4. **Long-run Equilibrium**:
- Entry continues until all supernormal profits are eroded.
- The long-run equilibrium is reached where \(MC = MR\) at output \(Q_{LR}\), and the AR curve is tangent to the AC curve at this output level.
- At this point, Price \(P_{LR} = AC\), meaning only normal profit is earned.

Part (b) Solution:

1. **Introduction**:
- Define oligopoly as a market structure dominated by a few large firms with high concentration and mutual interdependence.
- Identify the key elements of the debate: non-price competition (such as branding, loyalty cards, and quality improvements) and dynamic efficiency (reinvestment of supernormal profits) versus potential market failures (high prices, restricted output, and collusion).

2. **Supporting the View (Benefits to Consumers)**:
- **Dynamic Efficiency**: Long-run supernormal profits allow firms to fund research and development (R&D). This leads to technological advancement, product innovations (e.g., smartphones, pharmaceuticals), and long-run cost reductions.
- **Non-price Competition**: Since price wars can be mutually destructive (as modeled by the kinked demand curve), firms focus on non-price factors. Consumers benefit from improved product quality, better customer support, extended warranties, and reward programs.
- **Economies of Scale**: Large-scale production allows oligopolists to achieve low average costs, which can sometimes result in lower prices for consumers compared to highly fragmented markets.
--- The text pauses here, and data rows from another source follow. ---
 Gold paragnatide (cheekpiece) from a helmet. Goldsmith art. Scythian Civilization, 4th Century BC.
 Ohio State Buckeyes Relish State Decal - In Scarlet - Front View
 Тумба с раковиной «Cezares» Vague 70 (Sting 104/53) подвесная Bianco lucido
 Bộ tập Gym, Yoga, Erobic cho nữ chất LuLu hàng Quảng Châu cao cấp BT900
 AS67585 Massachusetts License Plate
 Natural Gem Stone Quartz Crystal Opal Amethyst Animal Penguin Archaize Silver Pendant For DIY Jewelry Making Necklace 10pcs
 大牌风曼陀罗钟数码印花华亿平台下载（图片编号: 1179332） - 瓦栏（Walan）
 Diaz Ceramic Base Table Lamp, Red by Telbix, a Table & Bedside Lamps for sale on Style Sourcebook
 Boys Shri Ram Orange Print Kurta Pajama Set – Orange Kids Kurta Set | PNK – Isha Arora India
3. **Opposing the View (Drawbacks to Consumers)**:
- **Collusion and High Prices**: Interdependence can lead to tacit or explicit collusion to raise prices, reduce consumer choice, and restrict output, acting like a monopoly.
- **Allocative and Productive Inefficiency**: Oligopolies do not produce at the minimum of their AC curves (productively inefficient) and charge prices above MC (allocatively inefficient).
- **Wasted Resources**: Heavy advertising expenditures are often defensive and do not add real value to the product, representing an inefficient allocation of resources that consumers ultimately pay for through higher prices.

4. **Alternative Market Structures**:
- Compare with Perfect Competition: While perfect competition guarantees allocative efficiency, the lack of long-run supernormal profits prevents dynamic efficiency.
- Compare with Monopoly: Monopoly has the funds for dynamic efficiency but lacks any competitive incentive to pass benefits to consumers.

5. **Conclusion / Judgment**:
- Oligopoly is not universally the most desirable structure. Its desirability depends on the nature of the industry (highly technological industries benefit more from oligopolistic R&D), the effectiveness of competition policy (to prevent collusive behavior), and the degree of market contestability.

Marking scheme

Part (a) Marking Scheme [Total: 9 marks]

- **Knowledge and Understanding (Up to 3 marks)**:
- 1 mark for defining monopolistic competition and its key characteristics (e.g., product differentiation, low barriers to entry).
- 1 mark for explaining short-run supernormal profit (AR > AC).
- 1 mark for explaining long-run normal profit (AR = AC).

- **Analysis and Application (Up to 3 marks)**:
- 1 mark for explaining how supernormal profits attract new entrants.
- 1 mark for explaining the impact of entry on the individual firm's demand curve (shifts left and becomes more elastic).
- 1 mark for explaining the mechanism that restores normal profits in the long run.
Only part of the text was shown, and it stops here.